A World Apart (book) - Description

Description

The book A World Apart contains the author's recollections beginning from his time spent incarcerated in the former USSR Gulag labour camp in Yertsevo in Siberia, and a description of the journey he took to join the Polish divisions forming in Persia. Written 10 years before Aleksandr Solzhenitsyn's One Day in the Life of Ivan Denisovich, it brought him international acclaim but also criticism from Soviet sympathizers.

The book contains detailed, often drastic depictions from the lives of Gulag prisoners. Much of the book is given to the analysis and interpretation of the attitudes, behaviour and emotions of specific prisoners and also to the internal mechanisms and independent laws of behaviour in the camps.

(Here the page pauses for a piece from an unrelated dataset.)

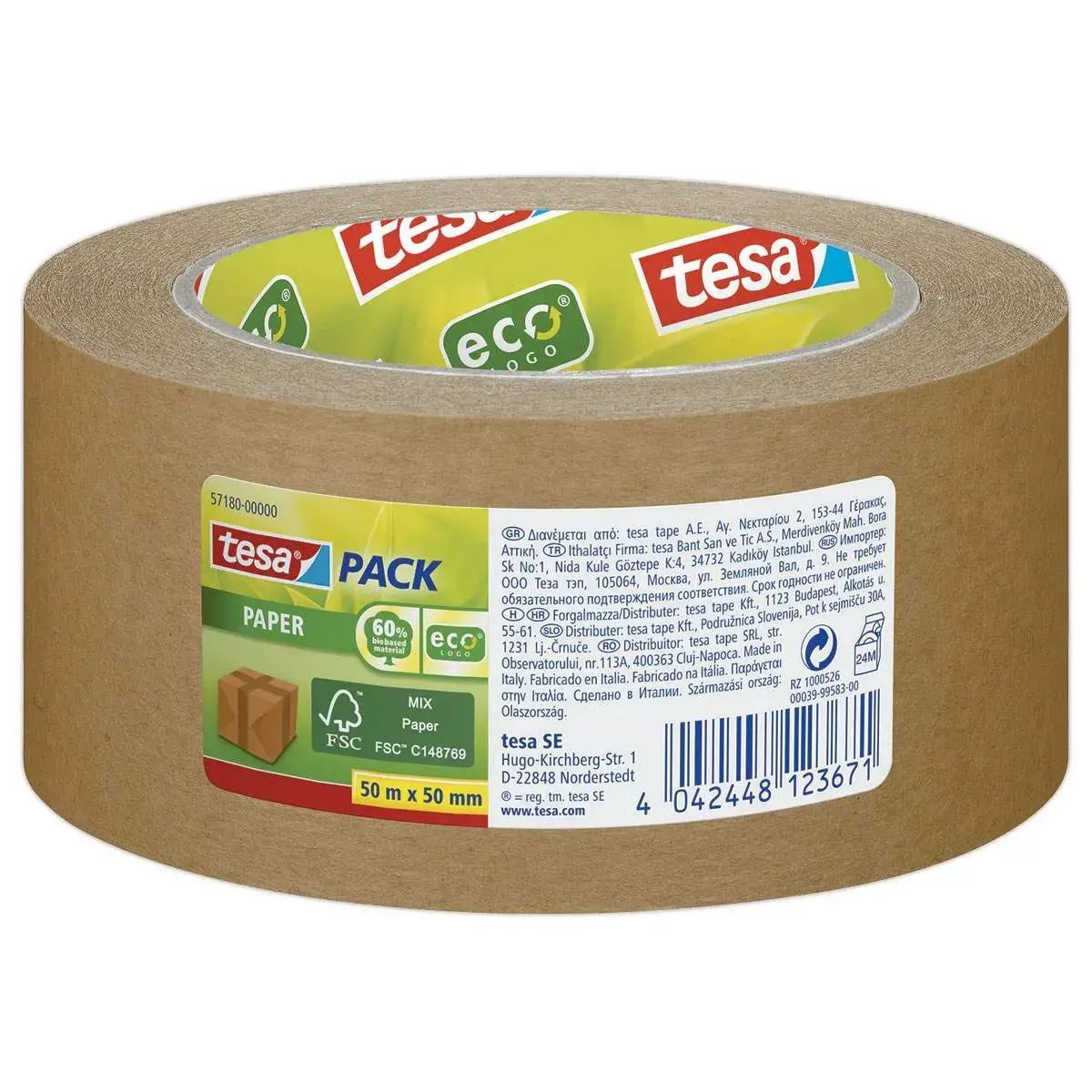 Ruban adhésif Kraft tesa® rouleau de 50 mm x 50 m marron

The book was initially greeted well in England, with a foreword written by Bertrand Russell but had to wait until 1985 for its publication in France. According to Herling, this was due to the reluctance of the left-leaning publishing houses in that country. With greater interest in the Gulag, it has been reprinted in Britain, with the foreword written this time by Anne Applebaum.

As Herling noted in a preface to the Russian edition (1986) of his book, the cultural establishment almost always followed Sartre’s advice: "even if it is true, don’t speak about it". The Russian edition preceded some Western language editions: the French translation of the book was not published until 1995, the Italian one until 1994, both delayed by the unwillingness of local pro-Soviet sympathizers to discuss Soviet crimes. The Polish bibuła underground edition was published in 1980, the normal edition was published only near the fall of communism in Poland, in 1988.